No sobrepasaban los dieciocho años standard y sus capacidades no terminaban de desarrollarse hasta alcanzar los veintiuno. A menos que no fueran un prototipo beta. De ser así, el Conde se hallaría con tres auténticos prototipos–alpha de Homofel, sin el total de sus talentos desarrollados y aún por descubrir.
¡Maldición!, si hace un análisis de ADN rutinario, sospechará sin lugar a dudas. Apenas he logrado mantener alejados a los especialistas imperiales de los Homofel, pensó Slava Taideff palideciendo. El seleccionador lo pagará caro. ¿Cómo puede haber sido tan torpe? Me encargaré de mutilarlo con discos láser de sujeción.
La situación es grave. Antes de partir a Thenae debo ejecutar a los tres proto­tipos–alpha. Con discreción, por supuesto. Si el Conde se percata de su verdadera naturaleza, estaré en un serio aprieto, tanto con el Imperator como con mis superiores. Antes de tres noches no hallarán ni sus cenizas, serán sustituidos por réplicas iguales, pero de menor calidad.
Ya más tranquilo, divisó la entrada de su habitación. Sus cejas se alzaron sorprendidas al comprobar cómo las largas uñas de las Walkirias imperiales estaban pintadas con diminutas figuras y retratos magistralmente detallados con composiciones como una estatua griega, un hombre desnudo excitado o un dibujo cómico. Al parecer eran tan extravagantes y caprichosas en sus gustos como lo era el propio Conde y, por supuesto, tan mortíferas y sanguinarias como él.
¡Letales mujeres! pensó desasosegado Slava Taideff recordando el pánico de sus ojos al presenciar a los Homofel en acción. Un lujo visto por muy pocos hombres.
—Bien, os deseo un feliz descanso y un feliz viaje. Cualquier cosa que necesitéis, no dudéis en pedirla, mi Señor. Mis Walkirias velarán por vuestra seguridad y tranquilidad —dijo Mesala con amabilidad.
Dos Walkirias franquearon la entrada del dormitorio.

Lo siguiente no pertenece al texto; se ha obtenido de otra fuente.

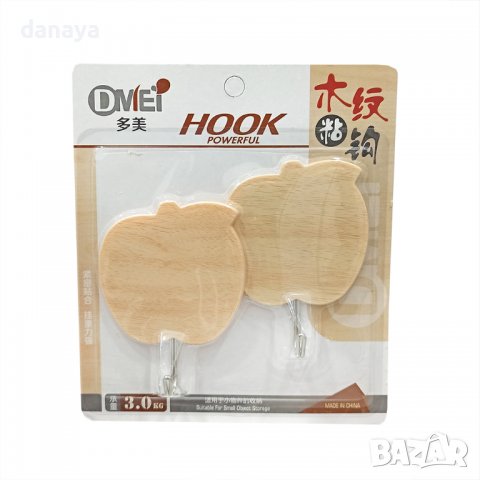 3411 Комплект самозалепващи закачалки Сърца или Ябълки, снимка 3 - Закачалки - 39564546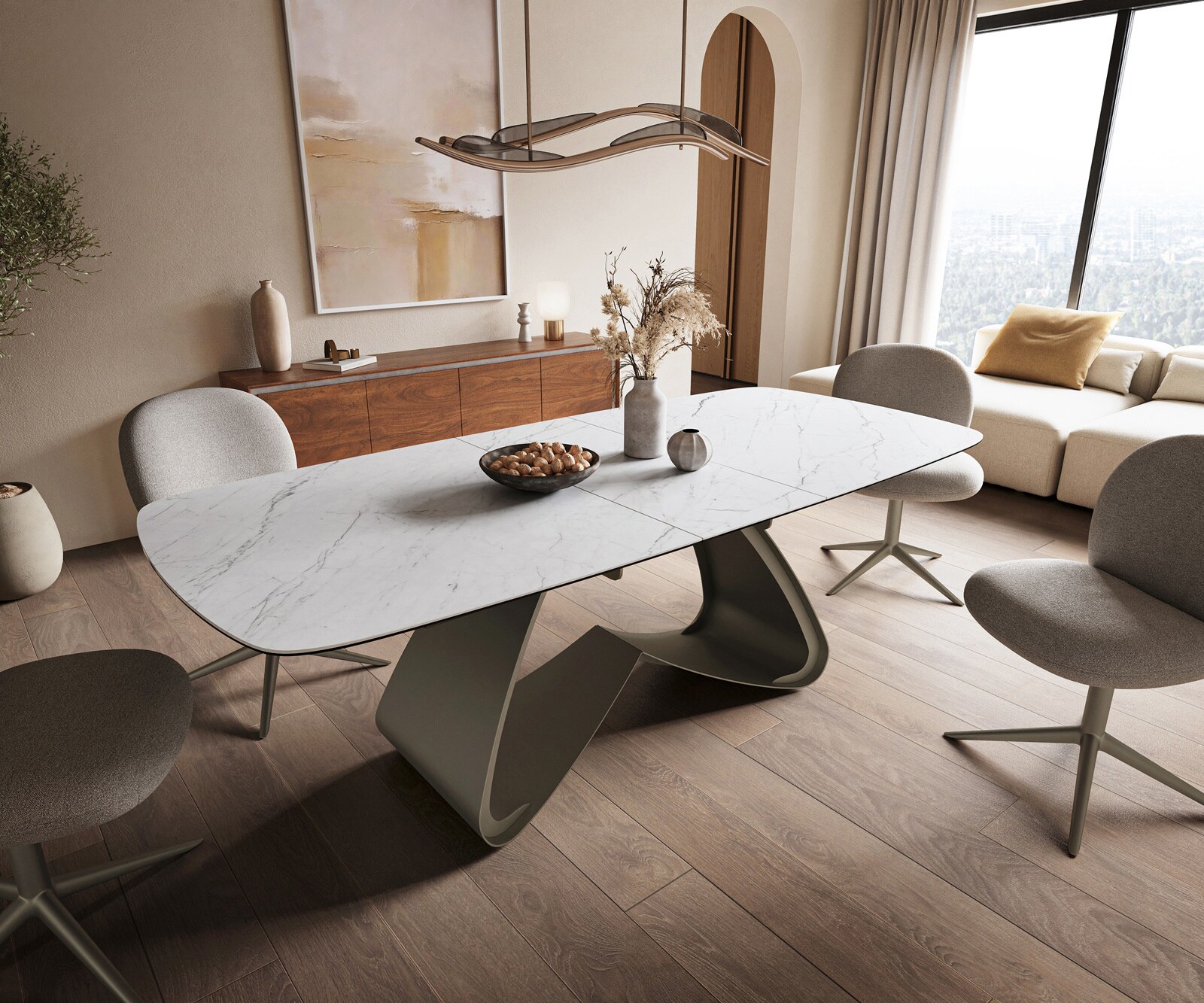 Esstisch Edge Boot 180-220x100 cm Keramik Laminam® Statuarietto Weiß W-Gestell Metall Effektfinish Titan ausziehbar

¡Mis ejecutoras!, pensó Slava Taideff.
—Sois muy generoso. Estoy seguro de que descansaré con profundo y reparador sueño.
—Vuestra presencia dignifica nuestra humilde morada. Buenas noches
—dijo Mesala dando un taconazo e inclinando la cabeza mientras giraba sobre sí y se retiraba con paso firme ocultando una sardónica sonrisa.
—Buenas noches.
Sin encender la luz se desvistió y deslizó en la cama. Cerró los ojos pensando en aquel estúpido error que casi lo había echado todo a perder. Por fortuna, lo corregiría en poco tiempo. Desde luego, uno ya no se podía fiar de nadie. ¡Ese maldito seleccionador incompetente!

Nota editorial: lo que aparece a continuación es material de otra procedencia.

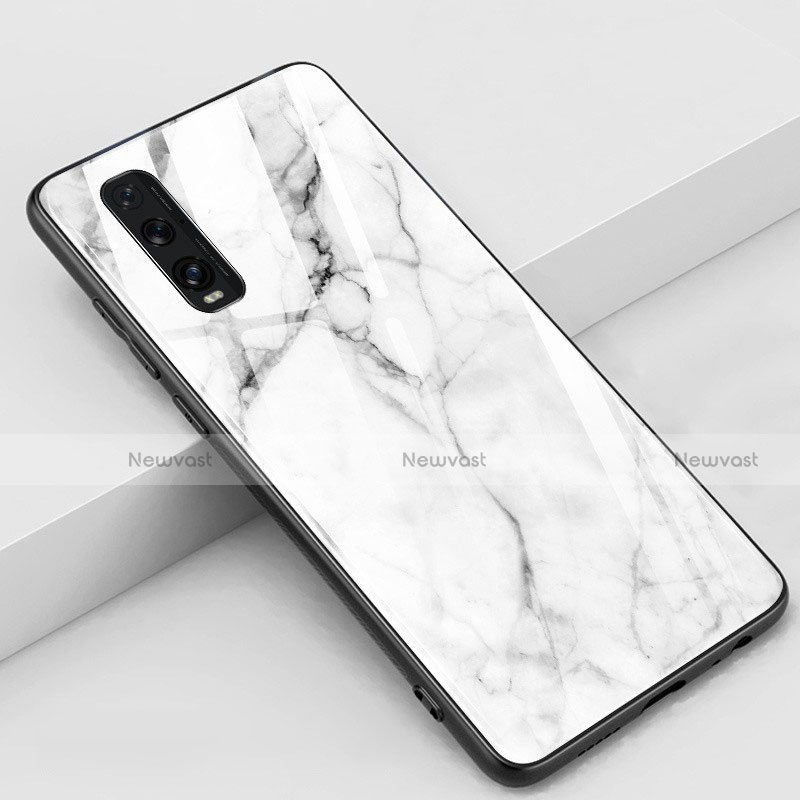 Silicone Frame Fashionable Pattern Mirror Case Cover for Oppo Find X2 White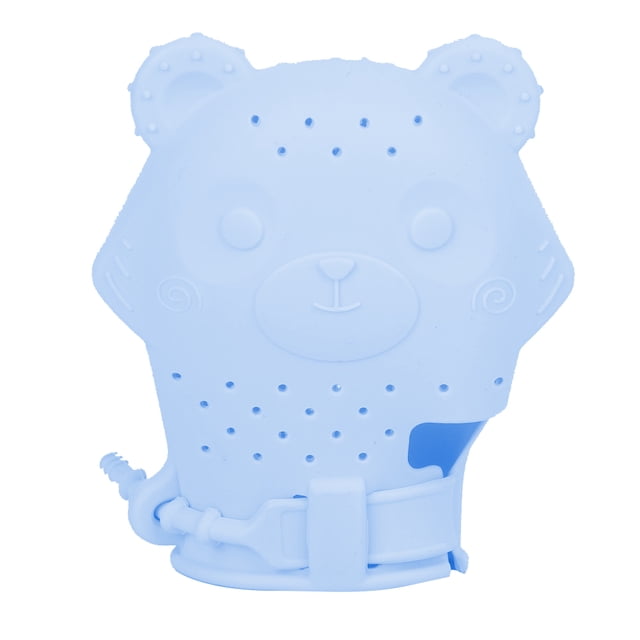 Guantes mordedores para bebés, alivio del dolor de dentición para niños pequeños, juguete masticable para morder para bebés, regalo azul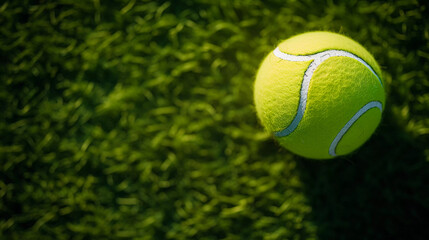 Classic Grass Court Tennis. A tennis ball on grass court embodies the classic charm and grace of traditional tennis matches.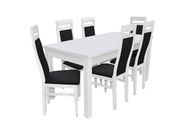 Jatkettava ruokapöytä 80x160-200 cm + 6 tuolia
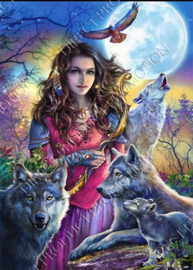 Diamond painting "Woman with wolves"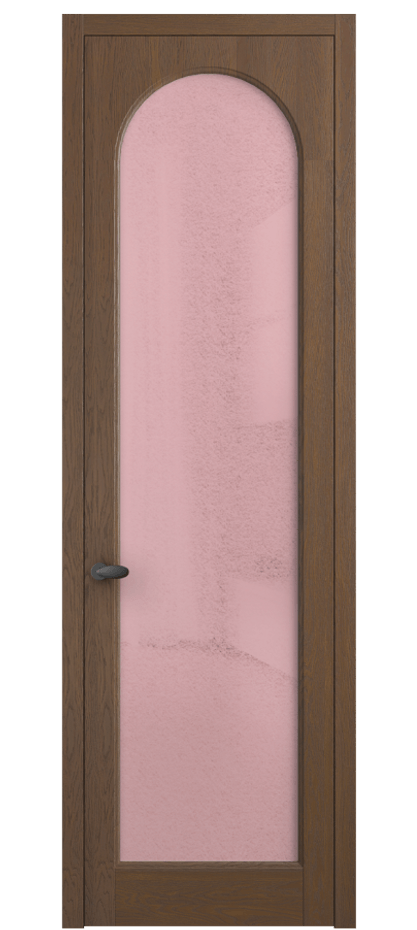 Межкомнатная дверь Палаццо 6804 Дуб каштановый матовый Фактурное розовое стекло "Лёд", триплекс Цена 8300 AZE | Volhovec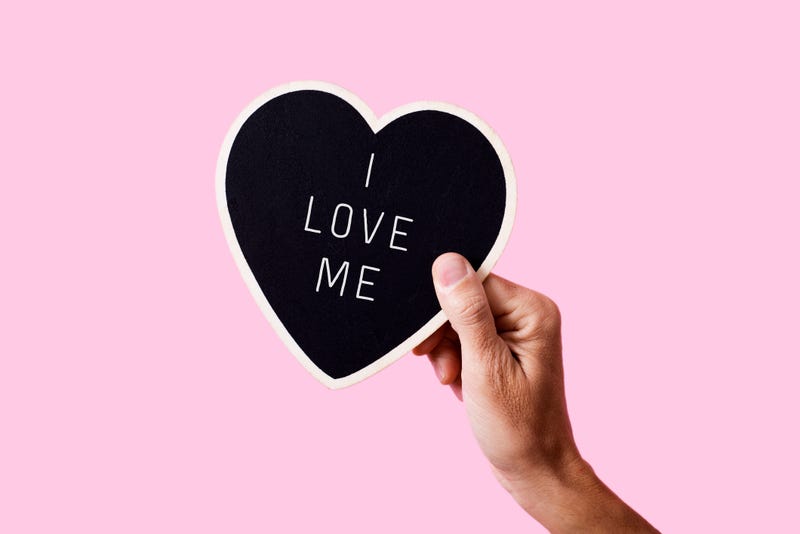 A heart that says "I love me." 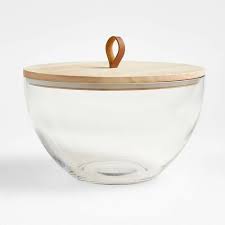 Round Glass Bowl With Wooden Lid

Era hora de descansar, le aguardaba una dura jornada. ¡Tantas cosas por hacer! En la antigüedad hubo un emperador que nombró cónsul a su caballo. Un hombre sabio. Una fuerte carcajada sacudió su panza. ¿Me habré vuelto loco yo también? pensó volviéndose a reír a solas.
Antes de que sus pupilas se acostumbraran a la tenue iluminación de su alcoba, sintió el pataleo de una pequeña figura entre las sombras, a los pies de su cama.

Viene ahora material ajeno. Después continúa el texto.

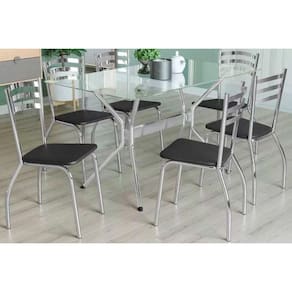 Sala De Jantar Completa Loire C- Tampo De Vidro 80x140cm E 6 Cadeiras Noruega Cromada - Preto - Kappesberg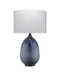 Jamie Young Company - Twilight Table Lamp in Blue Ombre Enameled Metal with Drum Shade in White Linen - 1TWIL-TLBL - GreatFurnitureDeal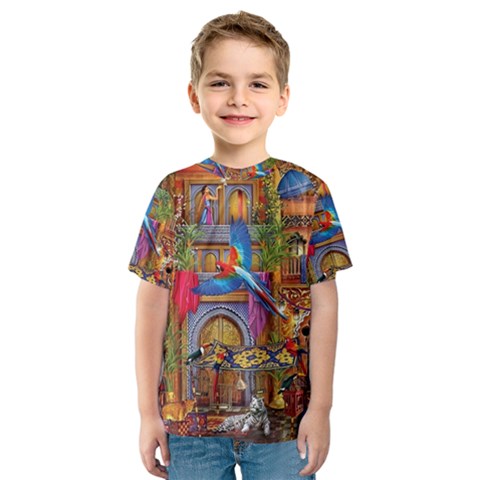 Arabian Street Art Colorful Peacock Tiger Man Parrot Horse Dancer Fantasy Kids  Sport Mesh T-shirt by Cemarart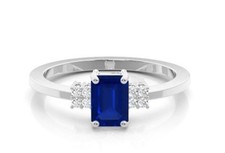 Diamond Side Stone Blue Saphir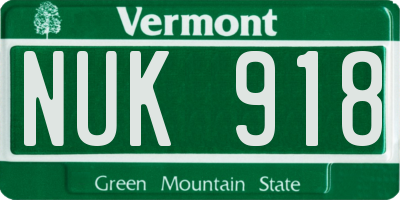 VT license plate NUK918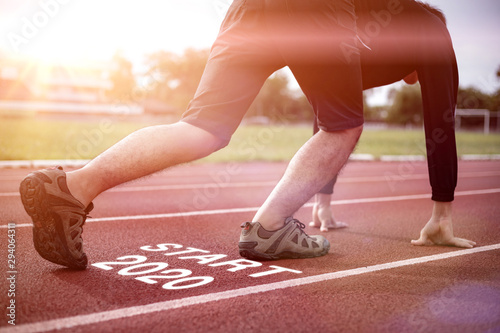 Athletes start the year 2020 with a running posture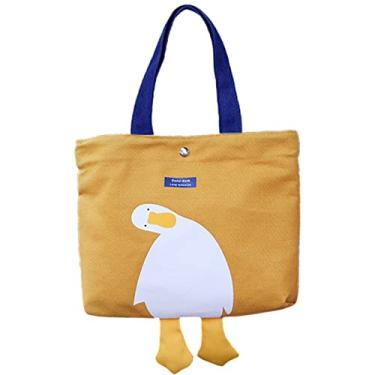 Imagem de Lindo Pato Lona Hombro Tote Top Almacenamiento Mango Bolsa Monedero Para Amantes De Los Patos Bolsa Tote De Pato para Escuela, Gimnasio, Playa, Fin de semana, Viajes, Reutilizable Grocery Shopping (yellow)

—¿Rufus? ¿Eres tú, pequeñín?
Un alegre ladrido contestó al Embajador.
—Chico, ven aquí.
Un diminuto foxterrier se encaramó sobre las sábanas de satén de la cama y, pataleando, se acurrucó entre los brazos de Slava Taideff, jugueteando con un fleco suelto de su manga.
—Hola, hola chiquitín, ¿tuviste un buen día?
Por toda respuesta el perro le dio la patita y le lamió los dedos de la mano.
—Buen chico, buen chico –dijo Slava Taideff acariciándole con ternura—. No sé qué haría sin ti pequeñín. Me sentiría tan solo.
La tecnomascota de compañía soltó otro cariñoso ladrido. Qué mara­villoso mecano, pensó Slava Taideff. Los de la clase ST40 de Invenio son los mejores.
—Puede que algún día yo también te nombre cónsul —murmuró mien­tras lo acariciaba—. Debo pasarte por el scanner a nuestro regreso a Septem. Me desagradaría que te hubieran insertado algún implante espía, chiquitín. Los hombres son tan, tan malos.